### Records excerpted from a collection
----------------

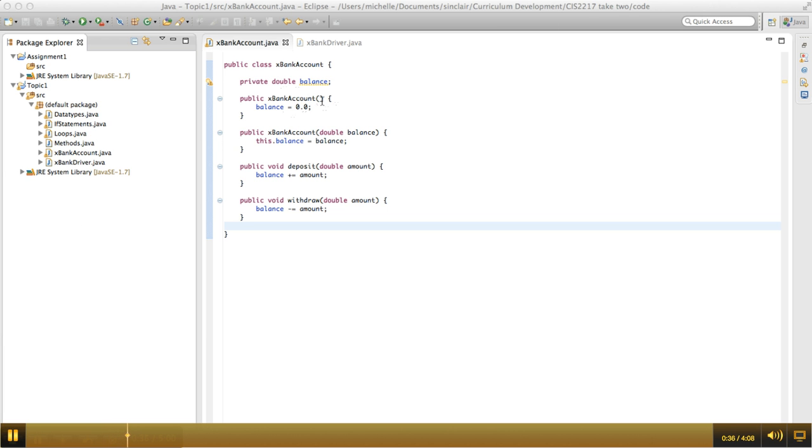We have a zero argument constructor that just initializes the balance to zero, and then we have a constructor that takes a value, and so it'll initialize the balance of this class to whatever balance is passed in.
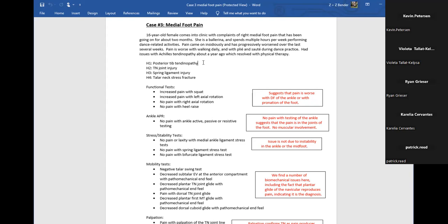No pain with ankle active, passive, or resisted testing leads me away from a soft tissue lesion — that moves me away from posterior tibialis tendinopathy if that's all negative. No pain with stability stress tests or laxity either. But what do those functional tests tell us? Eric suggests here that pain works with dorsiflexion of the ankle or with pronation of the foot.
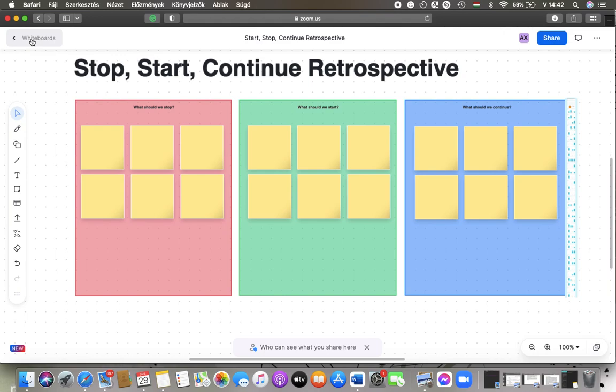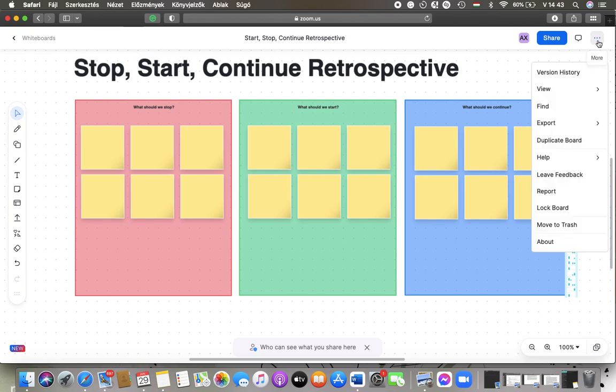Now let's jump into it. First of all, open the website on your device and open a whiteboard template that you would like to use. After that, you should tap on the more button in the upper right corner of the screen.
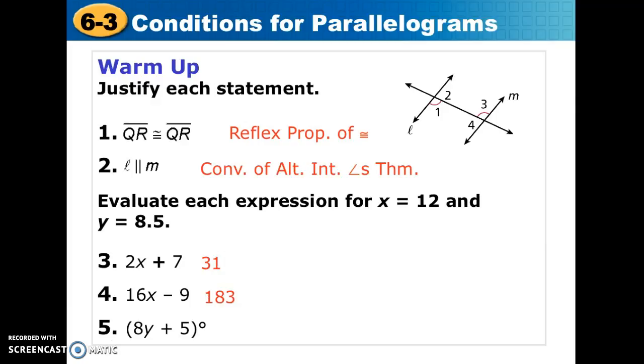For 3, 4, and 5, you needed to substitute in, and hopefully you were successful. If not, chances are it was a calculator error, so go back and take a look at your work.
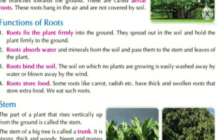Next function is: roots store food. Some roots like carrot, radish, etc. have thick and swollen roots that store extra food. We eat such roots. Kuch jarain moti aur phool jaane se extra food banati hain. Jaise example hai muli aur gajar. Aur is tarah ki jarain hum khate hain.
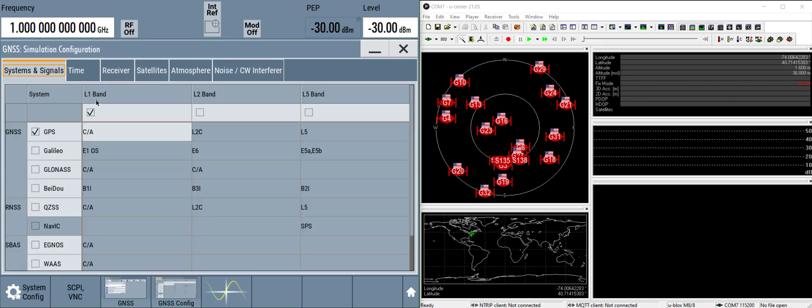We can select what signals we want to generate. Right now we're doing a GPS L1 C/A signal.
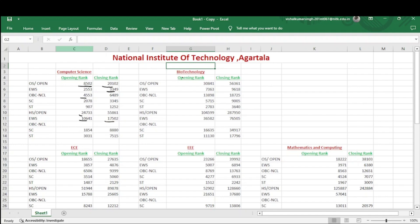Now coming to Biotechnology. For home state, for general category, the opening rank is 1,04,559 and it goes up to 2,87,950. So if someone has a rank around three lakh and their home state is Agartala, they will definitely get Biotechnology at NIT Agartala.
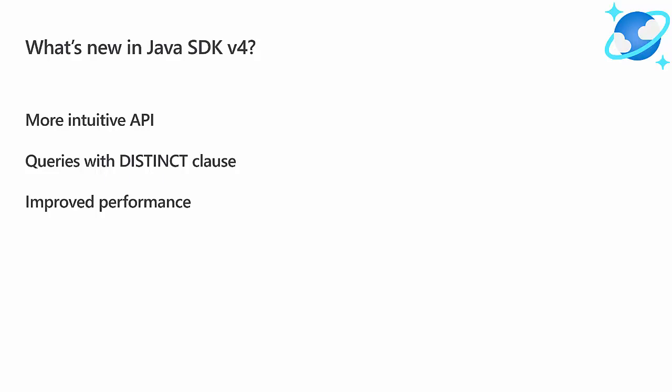Also, Java SDK v4 augments SQL query support to include queries with distinct clause. These queries can filter for only results with unique values of the field of interest. But perhaps most importantly, the performance of Azure Cosmos DB applications will be greatly improved by architecture and tuning changes.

----------------

### Your objective
An exact copy of the records is required. Pictures do not belong in it.

### Answer box
We have a zero argument constructor that just initializes the balance to zero, and then we have a constructor that takes a value, and so it'll initialize the balance of this class to whatever balance is passed in.
No pain with ankle active, passive, or resisted testing leads me away from a soft tissue lesion — that moves me away from posterior tibialis tendinopathy if that's all negative. No pain with stability stress tests or laxity either. But what do those functional tests tell us? Eric suggests here that pain works with dorsiflexion of the ankle or with pronation of the foot.
Now let's jump into it. First of all, open the website on your device and open a whiteboard template that you would like to use. After that, you should tap on the more button in the upper right corner of the screen.
For 3, 4, and 5, you needed to substitute in, and hopefully you were successful. If not, chances are it was a calculator error, so go back and take a look at your work.
Next function is: roots store food. Some roots like carrot, radish, etc. have thick and swollen roots that store extra food. We eat such roots. Kuch jarain moti aur phool jaane se extra food banati hain. Jaise example hai muli aur gajar. Aur is tarah ki jarain hum khate hain.
We can select what signals we want to generate. Right now we're doing a GPS L1 C/A signal.
Now coming to Biotechnology. For home state, for general category, the opening rank is 1,04,559 and it goes up to 2,87,950. So if someone has a rank around three lakh and their home state is Agartala, they will definitely get Biotechnology at NIT Agartala.
Also, Java SDK v4 augments SQL query support to include queries with distinct clause. These queries can filter for only results with unique values of the field of interest. But perhaps most importantly, the performance of Azure Cosmos DB applications will be greatly improved by architecture and tuning changes.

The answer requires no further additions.